(Extracted data entries)

________________________________________

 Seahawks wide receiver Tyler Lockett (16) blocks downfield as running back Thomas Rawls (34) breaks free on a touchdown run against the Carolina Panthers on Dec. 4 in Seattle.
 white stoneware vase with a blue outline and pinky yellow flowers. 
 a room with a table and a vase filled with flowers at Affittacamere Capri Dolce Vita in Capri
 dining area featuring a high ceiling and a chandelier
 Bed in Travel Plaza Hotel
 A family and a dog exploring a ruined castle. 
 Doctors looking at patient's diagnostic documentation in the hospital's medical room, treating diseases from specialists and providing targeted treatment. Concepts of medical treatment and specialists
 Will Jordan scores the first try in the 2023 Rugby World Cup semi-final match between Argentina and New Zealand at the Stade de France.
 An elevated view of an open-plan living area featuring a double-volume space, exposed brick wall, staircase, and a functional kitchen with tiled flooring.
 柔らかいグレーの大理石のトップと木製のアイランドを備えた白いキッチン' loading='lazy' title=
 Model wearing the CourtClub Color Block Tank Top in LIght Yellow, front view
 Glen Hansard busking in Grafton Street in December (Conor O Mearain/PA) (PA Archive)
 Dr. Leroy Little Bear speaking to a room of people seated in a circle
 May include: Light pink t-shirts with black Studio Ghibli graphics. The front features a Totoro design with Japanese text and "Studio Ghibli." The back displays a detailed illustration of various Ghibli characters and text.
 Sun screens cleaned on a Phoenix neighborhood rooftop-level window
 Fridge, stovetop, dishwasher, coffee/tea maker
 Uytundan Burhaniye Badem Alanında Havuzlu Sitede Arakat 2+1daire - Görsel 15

________________________________________

__Exercise directions__
In the answer, the lines from the first line of the data above through the line containing "Will Jordan scores" must appear exactly as written, with nothing else.

__Finished task__
 Seahawks wide receiver Tyler Lockett (16) blocks downfield as running back Thomas Rawls (34) breaks free on a touchdown run against the Carolina Panthers on Dec. 4 in Seattle.
 white stoneware vase with a blue outline and pinky yellow flowers. 
 a room with a table and a vase filled with flowers at Affittacamere Capri Dolce Vita in Capri
 dining area featuring a high ceiling and a chandelier
 Bed in Travel Plaza Hotel
 A family and a dog exploring a ruined castle. 
 Doctors looking at patient's diagnostic documentation in the hospital's medical room, treating diseases from specialists and providing targeted treatment. Concepts of medical treatment and specialists
 Will Jordan scores the first try in the 2023 Rugby World Cup semi-final match between Argentina and New Zealand at the Stade de France.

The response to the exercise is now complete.